While Kelleher turned toward the future and brought contemporary sculpture to the campus, DeWald continued to serve Italian art. He wrote the introduction for the 1946 book “Lost Treasures of Europe,” authored the 613 page book “Italian Painting: 1200-1600,” and participated in the rescue of art after the 1966 Arno River flood in Florence.
Princeton’s other Monuments Men, Steward writes, were S. Lane Faison (Graduate Class of 1932), Craig Hugh Smyth (Class of 1938, Graduate Class of 1956), and Charles Parkhurst (Graduate Class of 1941), as well as Robert Koch (Graduate Classes of 1949 and 1954). Koch “went on to teach at Princeton for forty-two years and was the last of our surviving Monuments Men, dying only two years ago,” writes Steward.
With a devotion to art and participation in two World Wars, DeWald perhaps provides the most tested voice of memory. A 2010 Princeton Alumni Magazine notes that his wartime diary in the Firestone Library contains “the excitement and danger of these tumultuous times. Air-raid sirens howled as he reconnoitered medieval towns for endangered art. DeWald often came upon Army engineering units bulldozing fallen buildings out of roadways, using the debris to patch holes in blown-up bridges — until he frantically waved them to stop, pointing out fragments of historic sculpture, fresco, and manuscripts mingled with the rubble” — scenes worthy of the film that captures the times of this unusual wartime effort.

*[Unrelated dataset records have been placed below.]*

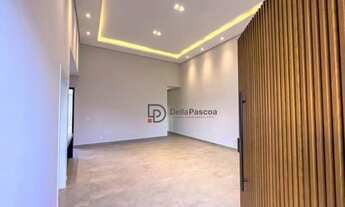 Imagem 6: Casa com 3 suítes à venda, 210 m² por R$ 1.490.000 - Jardim Laguna - Indaiatuba/SP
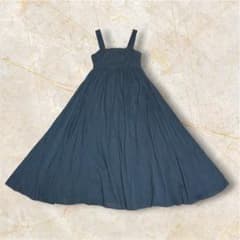 MARIHA シンデレラのドレス ワンピース 黒 36S NOBLE別注 - メルカリ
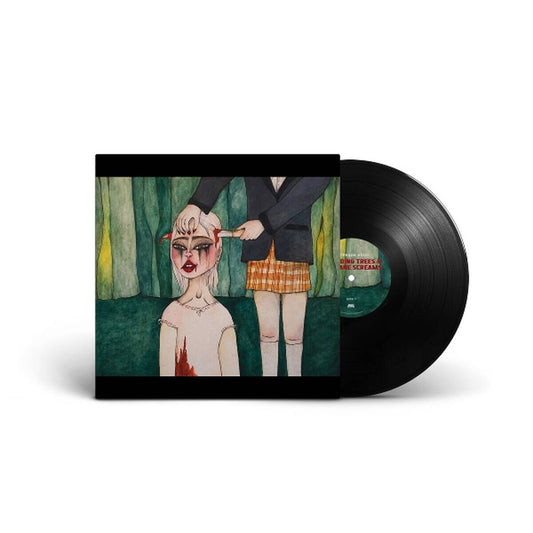 Exploding Trees & Airplane Screams [LP]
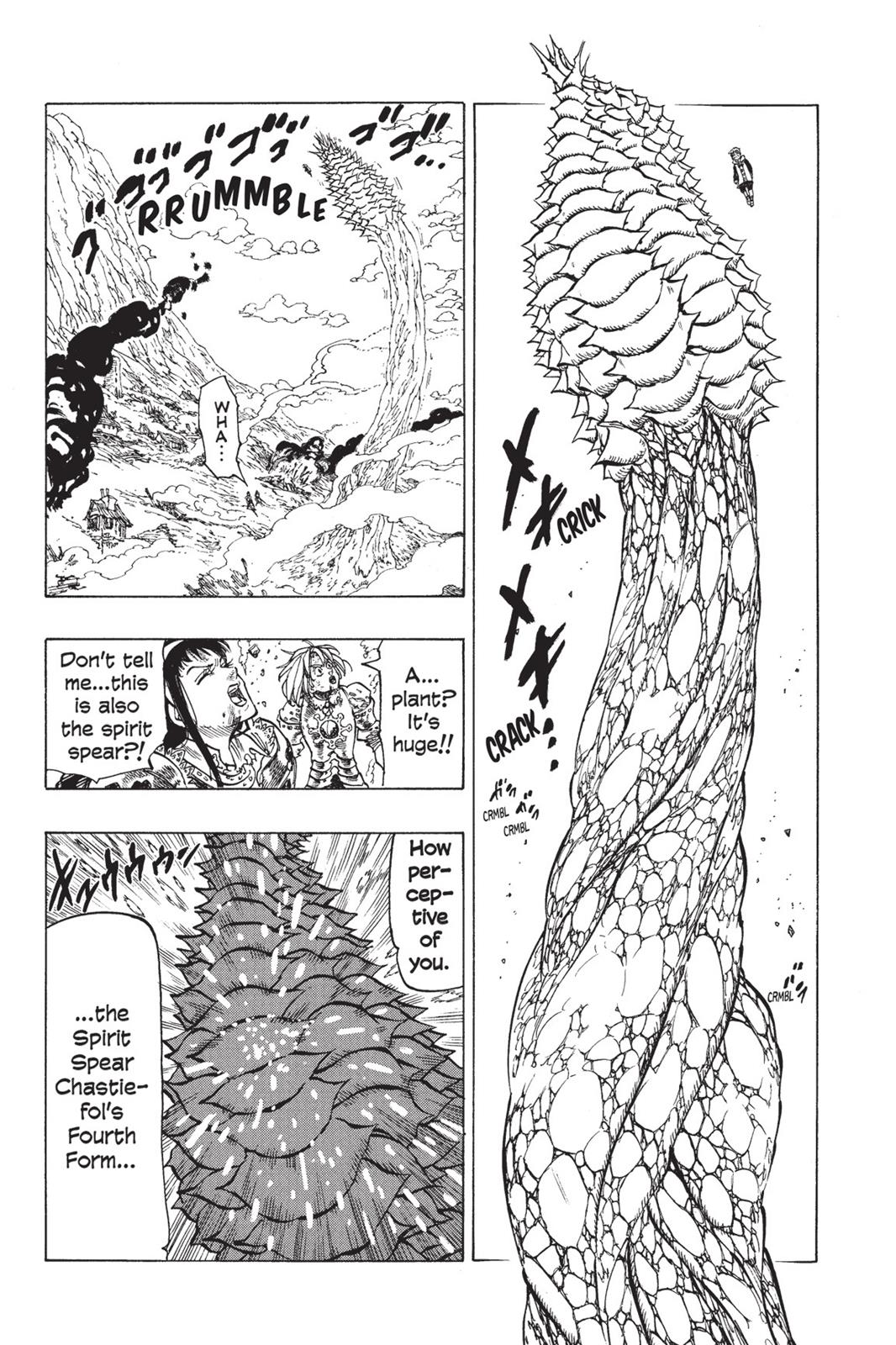 The Seven Deadly Sins Chapter 44 - Page 14
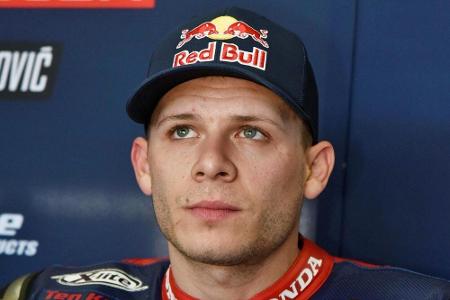 Bradl fehlt in Magny-Cours - OP am Donnerstag Bradl fehlt in Magny-Cours - OP am Donnerstag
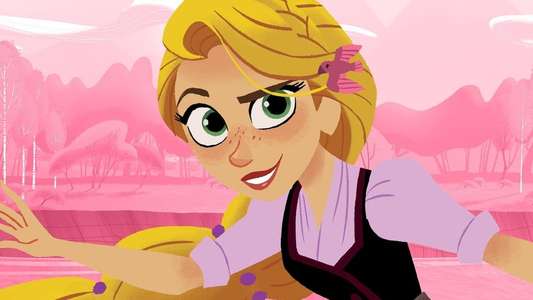 Rapunzel's Tangled Adventure - Backdrops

Less cinematic is the emotion that this soldier fighting for art shares. “The loss or destruction of these prized heritages of the past becomes in fact a personal loss comparable to that of a friend,” writes DeWald in “Lost Treasures.”
Fortunately his other “friends” are safe and waiting at the Princeton University Art Museum to remind visitors of what the struggle was about. They also are a reminder that art matters so much that men and women will put their lives on the line to share it with the world.